190922_GROUPMUGS

Since Aug. 1, The Gazette has reported 15 new cases in Rock and Walworth counties of people suspected of committing their fourth or subsequent intoxicated driving offenses. The collection of photos above excludes Jeffery Robinson, whose photograph wasn’t available. The Gazette’s editorial today proposes the state Department of Health supervise people convicted of four or more drunken driving offenses. The supervision would take effect after inmates are released from prison and finish their parole.

The final straw for us was the July conviction of Nathan L. Leopold for killing David P. Leck, 70, in a head-on crash in 2017. That’s the second time Leopold, a Janesville man, killed somebody while driving under the influence. In 2002, he killed a 28-year-old woman jogging along the side of a road.

His conviction demonstrates the futility and inadequacy of our current system. The drunken driving epidemic demands not tougher laws but smarter laws.

We’re tired of waiting for the Legislature to figure out a solution. So, we came up with our own proposal. It’s novel and certain to be controversial, but hear us out.

It’s not enough to punish repeat drunken drivers.
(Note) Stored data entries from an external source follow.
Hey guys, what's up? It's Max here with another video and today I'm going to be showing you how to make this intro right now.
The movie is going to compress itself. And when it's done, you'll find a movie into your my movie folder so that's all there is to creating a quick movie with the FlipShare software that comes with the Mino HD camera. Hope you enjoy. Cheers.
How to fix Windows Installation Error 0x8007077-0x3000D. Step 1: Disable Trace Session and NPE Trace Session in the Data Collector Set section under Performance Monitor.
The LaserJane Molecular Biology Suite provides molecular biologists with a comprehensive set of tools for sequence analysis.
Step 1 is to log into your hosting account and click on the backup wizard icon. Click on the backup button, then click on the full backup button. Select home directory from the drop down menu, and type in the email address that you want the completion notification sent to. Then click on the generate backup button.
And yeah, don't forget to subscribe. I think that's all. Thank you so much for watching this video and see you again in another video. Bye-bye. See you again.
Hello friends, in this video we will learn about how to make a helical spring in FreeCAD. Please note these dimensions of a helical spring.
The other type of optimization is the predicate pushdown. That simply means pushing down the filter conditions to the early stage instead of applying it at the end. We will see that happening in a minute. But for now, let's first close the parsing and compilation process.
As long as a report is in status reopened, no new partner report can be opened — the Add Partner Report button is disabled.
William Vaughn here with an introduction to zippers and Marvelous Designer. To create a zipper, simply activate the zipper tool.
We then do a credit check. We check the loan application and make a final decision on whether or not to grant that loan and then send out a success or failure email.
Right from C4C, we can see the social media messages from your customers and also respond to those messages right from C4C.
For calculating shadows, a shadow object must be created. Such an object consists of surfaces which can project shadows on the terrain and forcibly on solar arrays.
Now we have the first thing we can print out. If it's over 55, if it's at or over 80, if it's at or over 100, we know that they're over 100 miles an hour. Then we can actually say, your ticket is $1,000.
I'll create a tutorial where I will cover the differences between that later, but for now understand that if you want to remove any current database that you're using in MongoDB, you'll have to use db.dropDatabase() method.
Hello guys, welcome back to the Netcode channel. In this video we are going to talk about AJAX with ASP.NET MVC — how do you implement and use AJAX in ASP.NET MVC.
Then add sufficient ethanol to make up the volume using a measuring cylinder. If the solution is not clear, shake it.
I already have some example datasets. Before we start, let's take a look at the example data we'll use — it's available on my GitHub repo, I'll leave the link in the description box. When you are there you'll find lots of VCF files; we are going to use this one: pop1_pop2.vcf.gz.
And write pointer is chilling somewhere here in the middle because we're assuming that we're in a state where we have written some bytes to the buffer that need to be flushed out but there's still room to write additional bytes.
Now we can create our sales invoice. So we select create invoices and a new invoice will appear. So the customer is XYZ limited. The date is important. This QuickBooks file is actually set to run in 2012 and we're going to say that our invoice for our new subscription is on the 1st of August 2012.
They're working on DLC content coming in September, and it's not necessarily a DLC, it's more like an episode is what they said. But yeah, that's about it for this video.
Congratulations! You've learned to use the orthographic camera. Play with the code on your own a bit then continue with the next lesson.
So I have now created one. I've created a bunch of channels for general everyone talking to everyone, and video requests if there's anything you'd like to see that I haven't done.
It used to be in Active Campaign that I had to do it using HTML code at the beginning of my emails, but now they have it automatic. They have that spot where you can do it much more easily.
They have a disease beyond their ability to control, and no amount of time spent in prison will cure it. This group requires 24/7 monitoring even after they’ve been released from prison and after they’ve completed their parole.

Our proposal would allow the state to supervise repeat drunken drivers indefinitely after their fourth convictions or sooner if any of the convictions include homicide. Through court orders, the state would place repeat offenders under the supervision of the state Department of Health Services, similar to how the state handles sexually violent offenders.

Unlike the sex offender program, however, repeat drunken drivers wouldn’t be sent to a treatment facility. Rather, their supervision would occur remotely and revolve around a single condition: complete sobriety. Everyone under the state’s supervision would be prohibited from drinking.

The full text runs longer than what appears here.